At the bottom with Páll Rósinkrans
With the hunt for a new Idol already underway, it won’t be long until Kalli Bjarni is merely yesterday’s news. Sure, it’s a shame for him, but the record industry is a cruel business and far from as glamorous as it may appear to unsuspecting contenders of the Idol-crown. One would still expect the behind-the-scene virtuosos to dish out some instant pop-hits, ensuring Kalli Bjarni a proper lift-off as he reaches for the stars, but they appear to be not in the mood.
At the bottom of the resulting pile of mess is Kalli Bjarni’s duet with Páll Rósinkrans; not only because of the song itself but the fact that the same exact version appears on the latter’s newly released cd. Of course, both apply the same back-room staff and to me, this factory-like stunt shows how little everyone involved actually cares about the music itself or any potential listeners. Still, the fact they had the sheer audacity to go through with it meant that I could at least have some laughs while listening to these two otherwise forgettable albums.
Neither Fish Nor Flesh
Our protagonists’ sad face on the cover says it all really because the majority of the 10 tracks are neither one thing nor the other. A few of them are decent enough for what they are; mindless yet reasonably catchy and certainly tolerable when compared to over-zealous power-ballads such as ‘Hvert eitt sólarlag’. At times though, Kalli Bjarni himself sounds like he’s got limited faith in what he’s doing, or should I say what he’s being told to do. The title of the album’s feel-good finale, ‘Adeins einu sinni’ (‘Only once’), says it all, since it’s already looking increasingly doubtful that Kalli Bjarni will get an extension of his 15 minutes of fame. Sales have reportedly been disappointing and as previously suggested, the Idol momentum simply doesn’t seem to carry on beyond the TV screen.
The system is crap but it works
An undeniably gifted singer (perhaps in need of money?) enters a studio, sings a handful of carefully selected and unchallenging songs before releasing an album he’s guaranteed to sell shitloads of. Aah, the system works. It’s a crappy system, I know, but does Páll Rósinkrans really care? Does he even care about his own reputation as a serious musician?
As stated earlier, Páll is a talented if unambitious singer who originally made a name for himself with the highly promising rock-outfit Jet Black Joe in the early nineties. Fed up with the rock’ n’ roll lifestyle, he found religion and released a gospel album to somewhat surprising commercial success he’s been milking ever since, playing it safe and making carbon copies of already well-known songs, thus insuring that nothing, and I mean nothing, could possibly upset the listeners or, god forbid, take them by surprise.
In Pro-Tools We Trust
This time around though, all the material is in Icelandic and, in most cases, written especially for the occasion. That may count as an effort to improve but it’s a half-hearted one as most of the songs fail to make a notable impact. As with his contrived “karaoke-albums,” the recordings are top notch (In Pro-Tools we trust), which is hardly surprising given the fact that every position is filled by a industry professional, so the album ends up sounding like the musical equivelant of a Jerry Bruckheimer film.
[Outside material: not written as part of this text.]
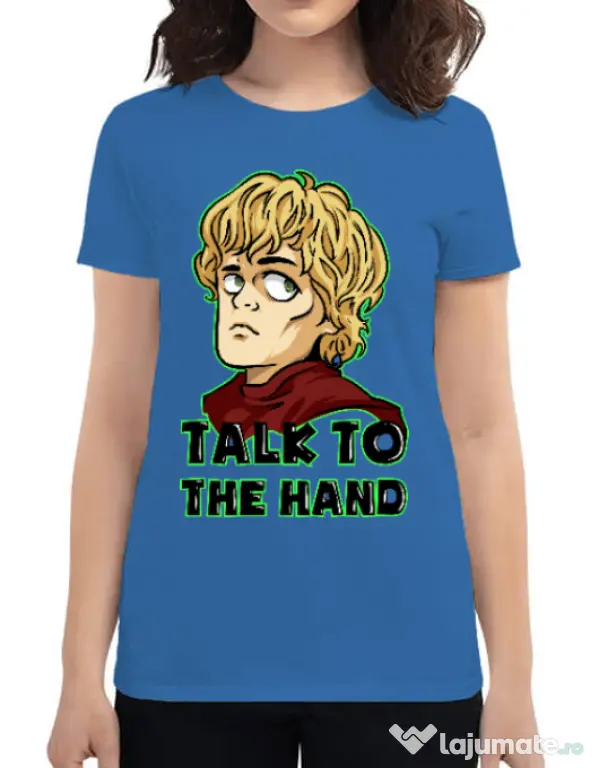 Tricou ADLER dama Talk to the hand Albastru azuriu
It’s obviously hard to fault the opener, written in memory of the recently passed Pétur W. Kristjánsson and the song that follow’s, ‘Ad lifa lengi’, is mildly catchy if nothing else. More dramatic are ‘Nóttin er blind’, ‘Mín eina von’ and ‘Eins og gengur’ (a duet with Idol-star Kalli Bjarni) which do have some effect but surely not the intended as I got shivers down my spine rather than goosebumps. Thankfully, the rest of the album seems to float harmlessly away but even Páll’s vocals aren’t as strong as often before, whether it’s down to an off-day or simply lack of general interest. So why does the bandwagon keep on rolling? Is it all really a matter of taste?